Pour profiter de l’avantage fiscal offert par la loi Pinel, l’investisseur doit louer à des locataires dont les revenus ne dépassent pas certains plafonds de ressources. Néanmoins, la marge de manœuvre est assez large puisque 80 % des Français correspondent à ces critères. Par exemple, en 2016, à Paris et Montpellier (zone A), un couple ne doit pas gagner plus de 55 287 € à l’année, tandis qu’une personne vivant seule peut gagner jusqu’à 33 993 €.

Chiffres clés

Dans le cadre de la loi Pinel, le montant pris en compte pour la défiscalisation immobilière est plafonné à 300 000 € et 5 500 € par m².

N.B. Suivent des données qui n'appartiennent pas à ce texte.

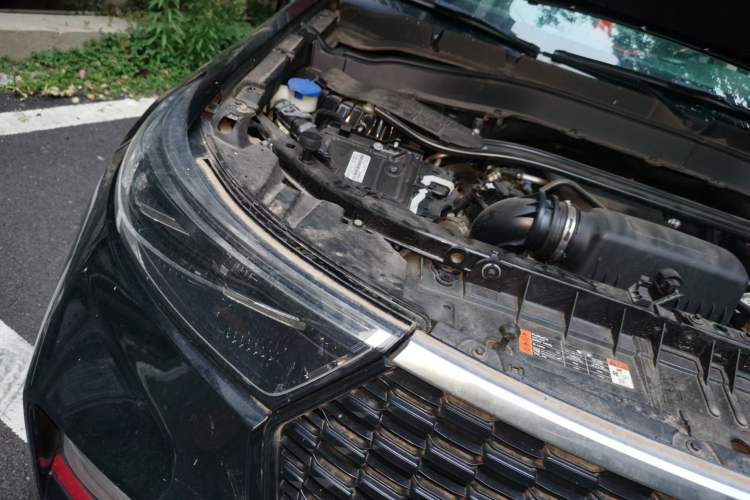 Used Ford Explorer 2022 EcoBoost 285 Four-Wheel Drive 30th Anniversary Edition 7 Seats Engine Bay Right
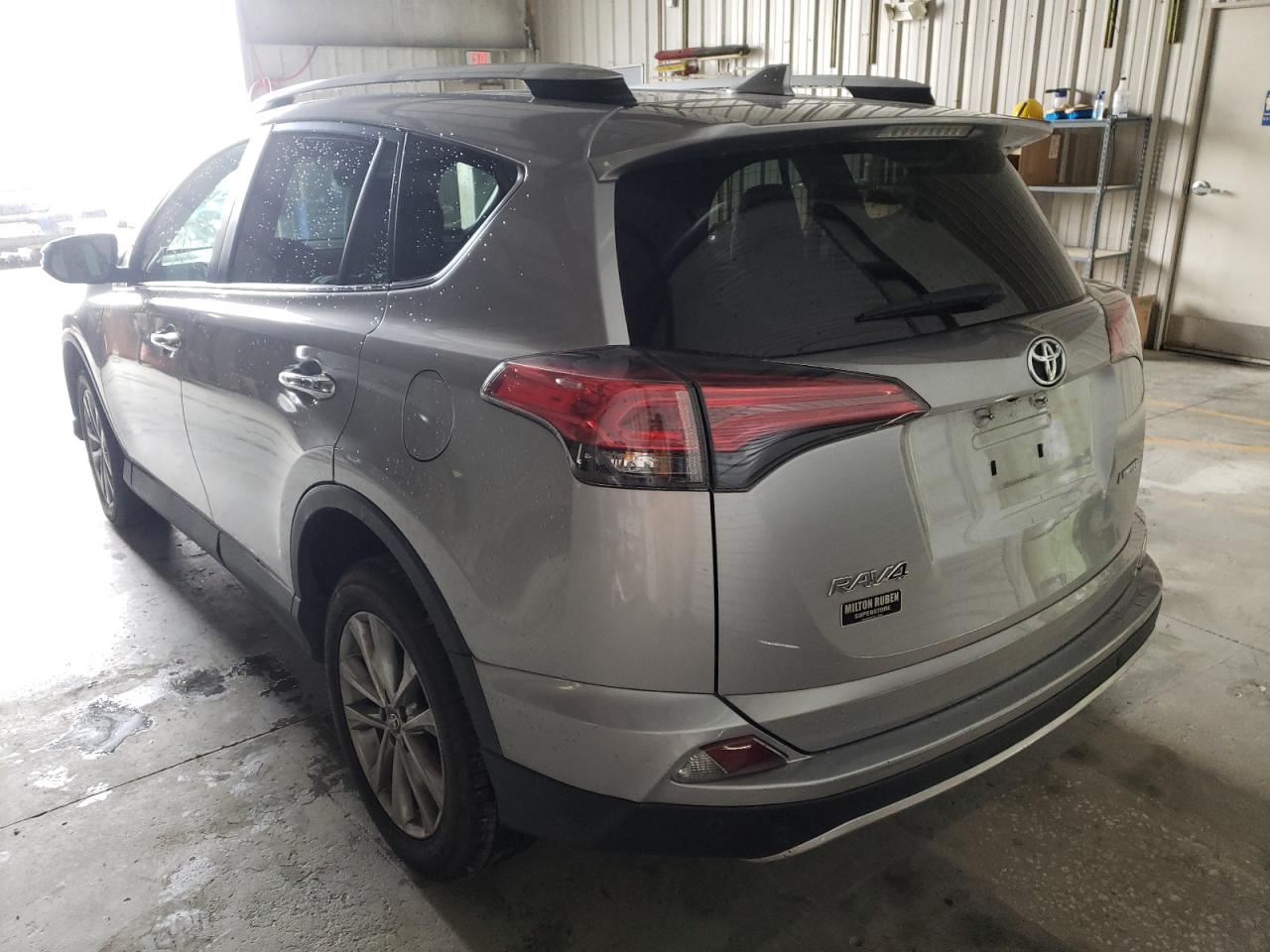 Photo 3 from auction – 2016 TOYOTA RAV4 LIMIT with VIN 2T3YFREV9GW285622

Les critères à prendre en compte avant d’investir dans l'immobilier

Avant d’investir dans le cadre du dispositif Pinel, il faut prendre en compte la fiscalisation des loyers, qui est assez lourde : jusqu'à 45 % d'impôt sur le revenu et 15,5 % de prélèvements sociaux. Par conséquent, même si les intérêts d'emprunt déductibles sont avantageux pour l'investisseur, il faut savoir que les revenus fonciers sont bien plus taxés que les revenus du patrimoine. La situation géographique des programmes neufs est également un facteur à considérer avant d’investir. En effet, de nombreux logements neufs sont construits dans des nouveaux quartiers, souvent éloignés des centres-villes, en raison du foncier disponible. L'investisseur doit donc prendre en compte la valorisation et l’attractivité du bien, sensiblement liés à la proximité des transports, des commerces et des espaces publics. En effet, il est essentiel que le bien soit loué rapidement : après 12 mois d'inoccupation, les réductions d'impôt ne sont plus valables.

Pinel : louer à sa famille, c’est possible !

Le dispositif Pinel permet à l’acquéreur de louer son bien à ses ascendants ou descendants. Le locataire doit néanmoins respecter les conditions fixées par la loi Pinel : être rattaché à un foyer fiscal différent de celui du propriétaire et ne pas dépasser les plafonds de ressources imposés.